Salesforce employees seemingly contradictorily state that the now-former policy of placing children in separate holding areas away from adults who could potentially be human traffickers is both occurring and not occurring at the same time. President Donald Trump ended the policy in an executive order on June 20.

“Given the inhumane separation of children from their parents currently taking place at the border, we believe that our core value of Equality is at stake,” Salesforce employees wrote.

They later added in the same letter: “We recognize the explicit policy of separating children at the border has been stopped, but that simply returns us to a status quo of detaining children with their parents at the border.”

A Salesforce spokesperson clarified to TheDCNF that its services are not being used by immigration enforcement authorities for the separation of families.

“We believe every human life has equal value and every person must be treated with dignity and respect. We are not working with U.S. Customs and Border Protection regarding the separation of families at the border. And we are not aware of any Salesforce services being used by CBP for this purpose,” the spokesperson told TheDCNF in an email Tuesday.

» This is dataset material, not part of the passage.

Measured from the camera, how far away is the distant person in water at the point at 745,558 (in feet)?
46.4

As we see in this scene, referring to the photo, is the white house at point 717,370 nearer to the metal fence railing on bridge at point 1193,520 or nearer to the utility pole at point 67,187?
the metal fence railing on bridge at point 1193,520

The policy was in place to protect children from adults that don’t have proper documentation from being abducted by human traffickers, which is especially present at the southern border.

“We have a statutory responsibility that we take seriously to protect alien children from human smuggling, trafficking and other criminal actions while enforcing our immigration laws,” Department of Homeland Security Secretary Kirstjen Nielsen said on June 18 in a statement, before the policy ended. “We also separate a parent and child if the adult is suspected of human trafficking.”

Trump’s executive order allows children caught with parents illegally crossing the border to be held in the same detainment area.